Poetry and the city: a matter of survival The example of Amaronda, poetic collection by Carolina Nizza
In 2016, I wrote my undergraduate thesis in literature about two poets and the way they portrayed their cities in their works. Rome vs Moscow, Pier Paolo Pasolini vs Stanislav Lvovsky. At the time, and it has now been a full ten years, poetry had almost completely disappeared from traditional circuits, while cities were expanding and promising, absorbing everything. We were all running toward the cities, all turning away from poetry. Now, the movement has become the opposite. Perhaps precisely because we are turning away from the city, we are rediscovering time for poetry. Not that poetry was ever truly dead. During that phase, in fact, it lived on blogs, on social media pages, on walls through the Movimento per l'Emancipazione della Poesia; it tried to adapt to frantic and neurotic lifestyles, to capture our gaze between a run and an appointment, between one chat and another. Those were the years of short poems and Tweets. Now, it has found its time again - a poetic time abstracted from everything else - and its space, and it does so above all through the female pen.
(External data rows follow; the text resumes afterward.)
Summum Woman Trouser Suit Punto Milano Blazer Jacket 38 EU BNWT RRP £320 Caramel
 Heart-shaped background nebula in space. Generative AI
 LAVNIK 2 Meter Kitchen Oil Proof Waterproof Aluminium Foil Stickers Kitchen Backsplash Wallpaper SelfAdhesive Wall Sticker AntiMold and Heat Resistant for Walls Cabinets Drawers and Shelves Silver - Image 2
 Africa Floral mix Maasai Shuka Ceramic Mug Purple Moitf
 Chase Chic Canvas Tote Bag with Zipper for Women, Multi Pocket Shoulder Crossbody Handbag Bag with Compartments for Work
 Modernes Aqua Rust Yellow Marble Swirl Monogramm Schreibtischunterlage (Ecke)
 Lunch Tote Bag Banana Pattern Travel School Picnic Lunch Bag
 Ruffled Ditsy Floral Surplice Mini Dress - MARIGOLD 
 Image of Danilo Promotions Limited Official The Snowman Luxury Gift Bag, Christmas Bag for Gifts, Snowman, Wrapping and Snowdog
The poetry of Carolina Nizza, Amaronda
There are plenty of examples, even just in Italy. Caterina Fantetti, co-founder of Donne x Strada, has published her poetry collection “se d'estate piove” with Eretica Edizioni, and Carolina Nizza has done the same with Amaronda, a collection published by AttraVerso and written during a time of disorder, waiting, and transition, which sincerely recounts thoughts, feelings, and fragments of that period. They are poems, but also small acts of care, moving through play, memory, fear, and love in search of freedom, a treasure chest in which to cultivate lightness. They are poems born from dialogue with others, between loves that ended and loves that never began, pasts, futures, and hopes, revealing that, ultimately, everything is a dialogue with ourselves. They are poems born from questions: who to be, what to become, how to love, and in searching for answers they reveal those already within us, in the unconscious. For this reason, the collection draws inspiration from the Tarot, which, as Jodorowsky says, are at once a mirror of the soul and a therapeutic tool.
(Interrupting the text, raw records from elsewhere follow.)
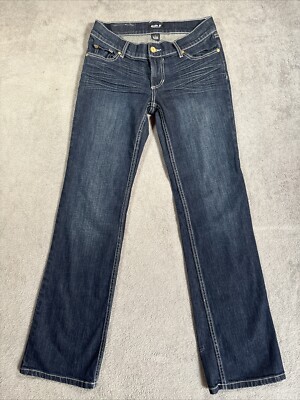 ALLEN B SCHWARTZ Womens Jeans 6 Blue Low Rise Bootcut 28x32 Beaded Belt Line
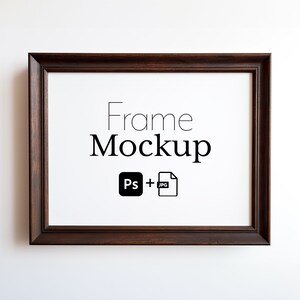May include: A brown wooden picture frame with a white mat and the text "Frame Mockup" and "Ps + JPG" in black.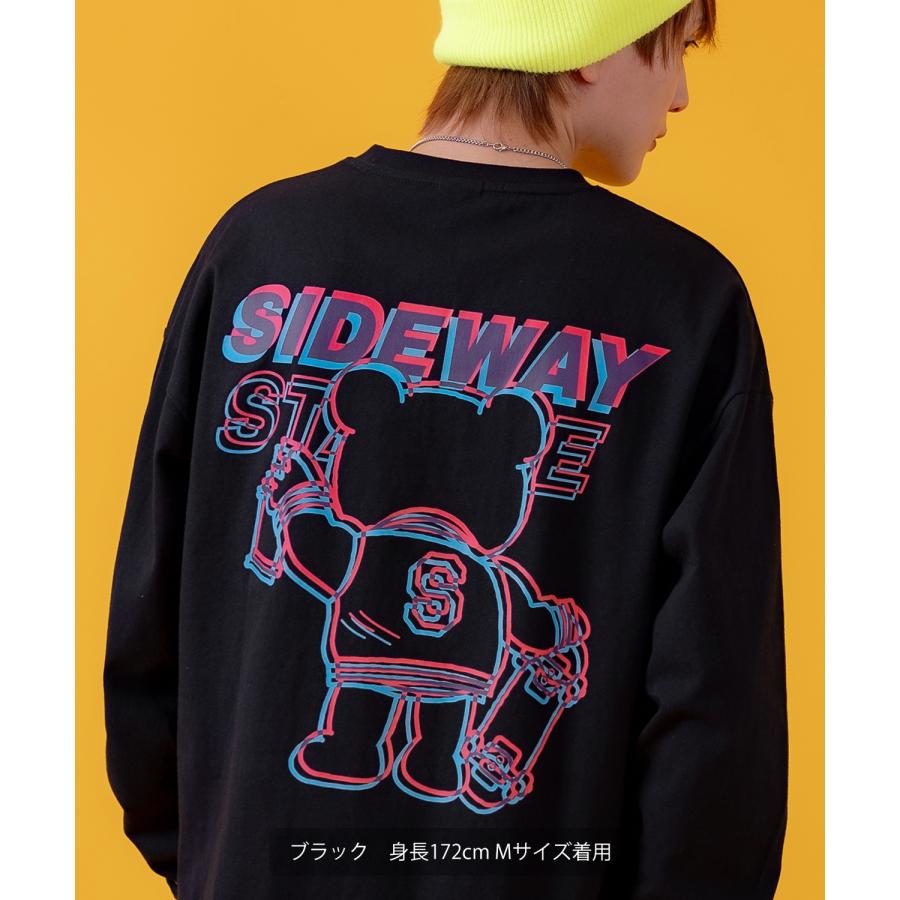 長袖Tシャツ メンズ SIDEWAY STANCE サイドウェイスタンス オリジナルプリント グリッチベア グラフィック ロンT カットソー スケーター ストリート 古着 韓国 | improves | 08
Amaronda tells the story of an invented word: a game, a turn, and a word of love. At its center, there is always a hint of the sea. Within it, it holds poems that, through each number with its deepest meaning, represent a place, a character, a moment, a mirror, helping us embark on that journey toward the soul, tracing a cycle within which many small circles are born in the emotions, fragilities, and strengths of the unconscious. And in the end, they always bring us back to the beginning. They are an attempt to chase — and capture, even if only for a moment — freedom, within the magical chaos and the eternal return that is the game of life.
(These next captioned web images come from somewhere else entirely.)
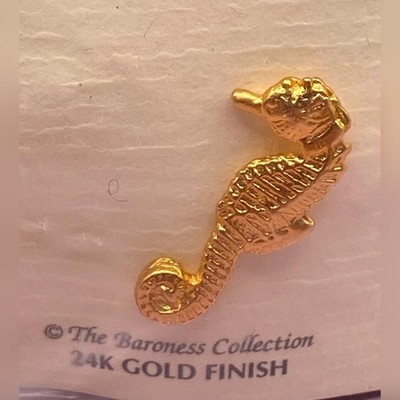 Baroness Collection Seahorse Lapel Pin 24K Gold Finish Determination Card Poem
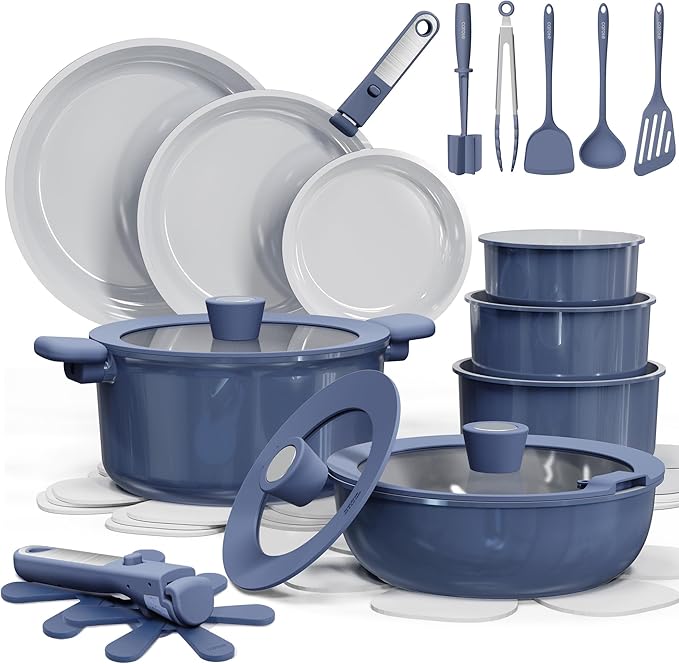 CAROTE 27pcs Ceramic Cookware Set Nonstick Pots and Pans Set Non Stick Non Toxic Cookware Detachable Handles Dishwasher/Oven Safe RV/Camping Cookware Pan and Pot with Kitchen Utensils Navy Blue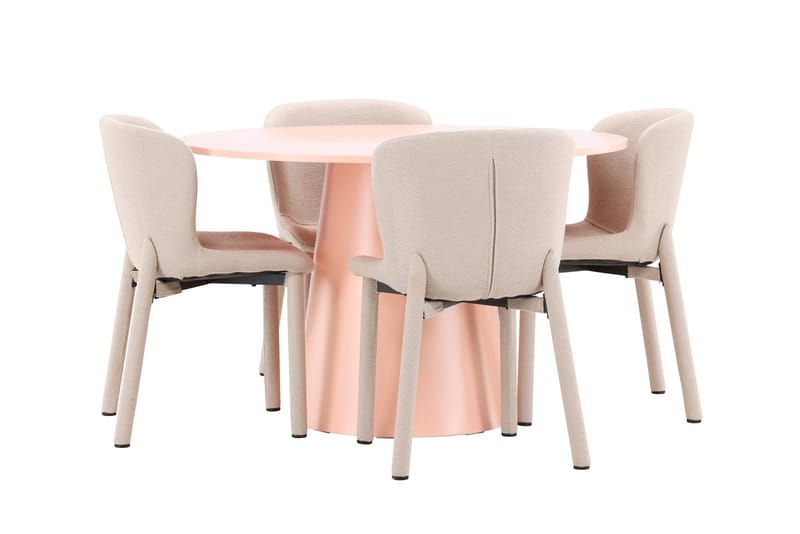 Lanzo rundt spisebord 120 cm med 4 Astoria spisestoler - Møbler - Bord - Spisegruppe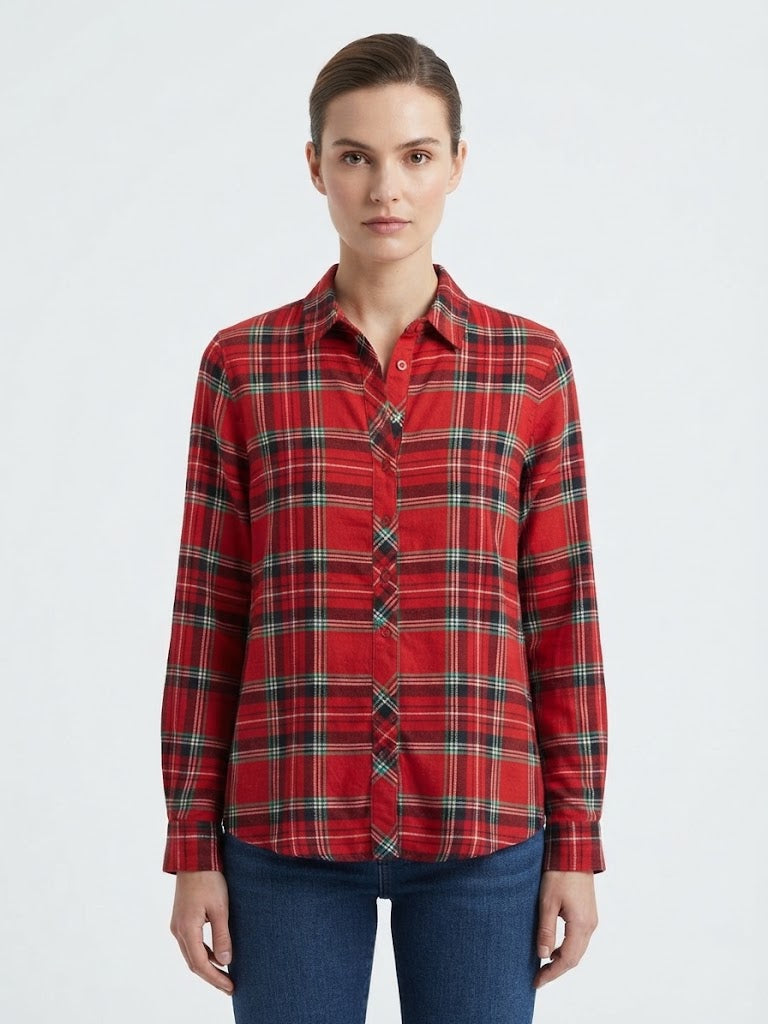 Ladies shirt ,Red -Green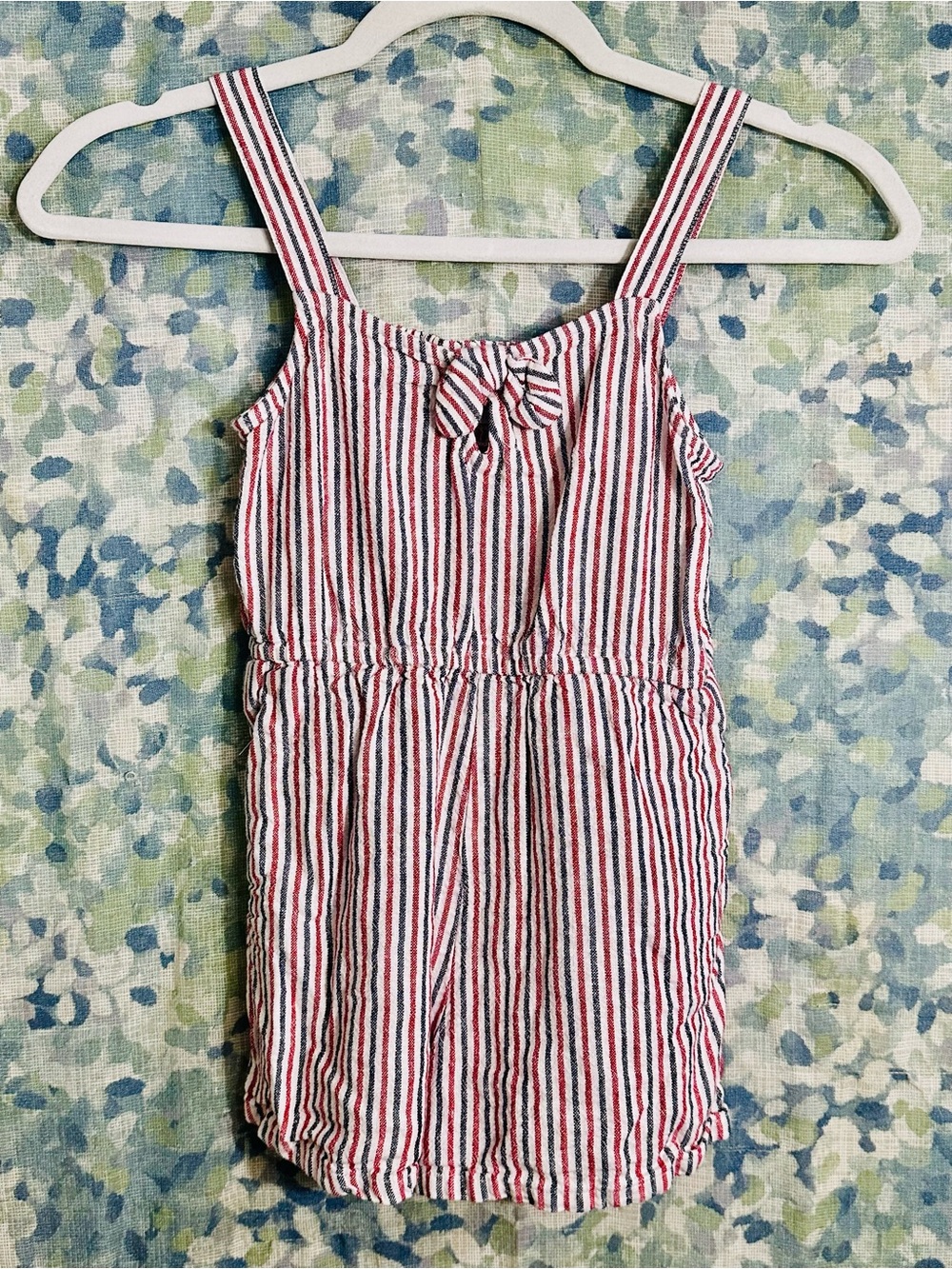 Old Navy Red Blue Stripe Tie Front Romper Girls Size 8 Summer One Piece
Poetry as escape and awareness, both from and of the city
In Carolina Nizza’s practice, she also curates the Instagram page Slices of Niceness, the connection with the city is undeniable. Partly because she draws inspiration from everyday life, and partly because she seeks to carve moments of pause and reflection out of that same daily reality, despite everything. Because today, poetry is not only escape; it is also an understanding of reality, an invitation to love and joy, to melancholy and reflection, to living a conscious and kind life, wherever we may find ourselves.